**WHAT THE TASK REQUIRES**
Which lines of the entries contain the string "Sweaters"? Copy each of them.

**** RECORDED INFORMATION

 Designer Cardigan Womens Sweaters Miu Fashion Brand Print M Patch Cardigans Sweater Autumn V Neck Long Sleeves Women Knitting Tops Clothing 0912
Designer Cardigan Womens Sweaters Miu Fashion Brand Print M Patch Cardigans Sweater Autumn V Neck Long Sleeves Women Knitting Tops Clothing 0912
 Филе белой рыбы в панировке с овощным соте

********
**** RECORDED INFORMATION

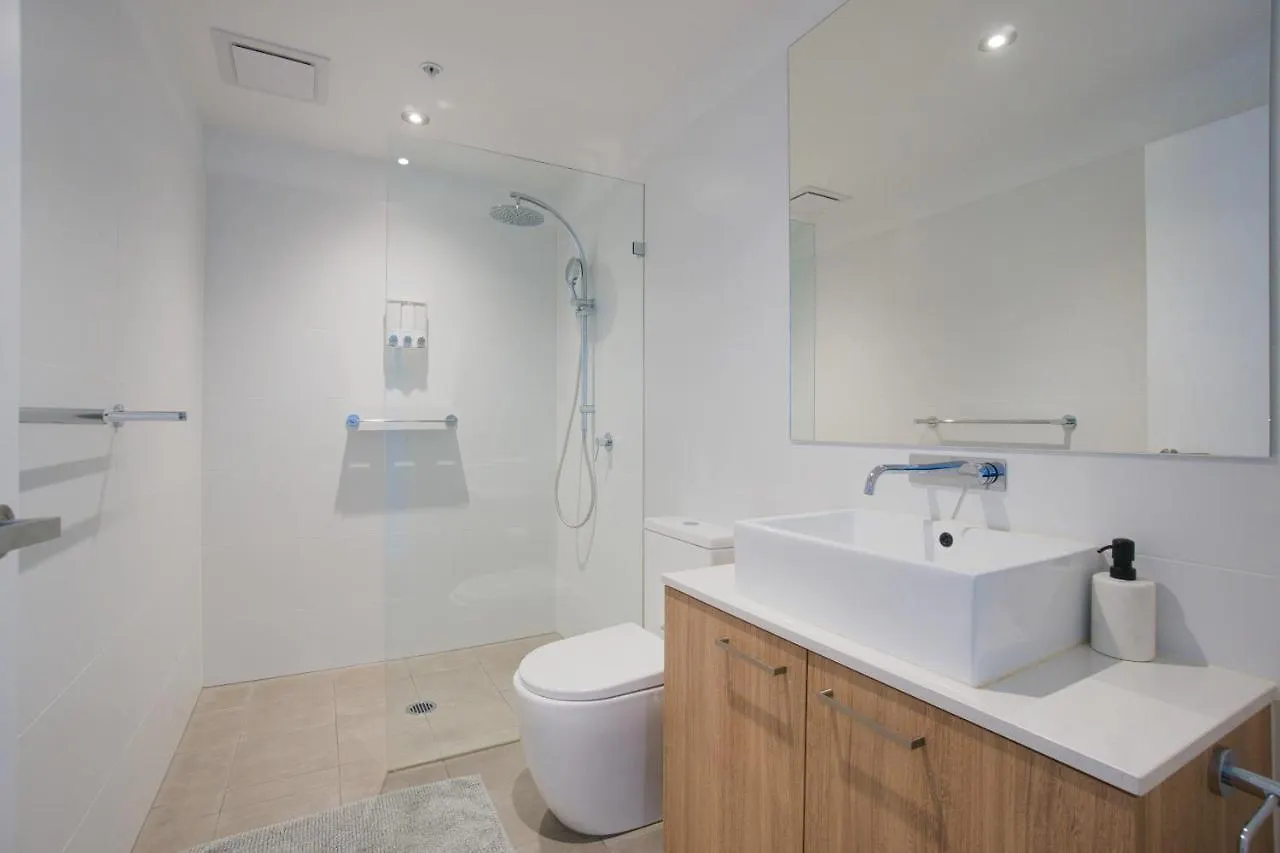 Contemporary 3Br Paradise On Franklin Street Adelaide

********
**** RECORDED INFORMATION

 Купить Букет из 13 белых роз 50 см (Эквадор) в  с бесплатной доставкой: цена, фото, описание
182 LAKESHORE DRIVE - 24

********

**WRITTEN RESPONSE**
 Designer Cardigan Womens Sweaters Miu Fashion Brand Print M Patch Cardigans Sweater Autumn V Neck Long Sleeves Women Knitting Tops Clothing 0912
Designer Cardigan Womens Sweaters Miu Fashion Brand Print M Patch Cardigans Sweater Autumn V Neck Long Sleeves Women Knitting Tops Clothing 0912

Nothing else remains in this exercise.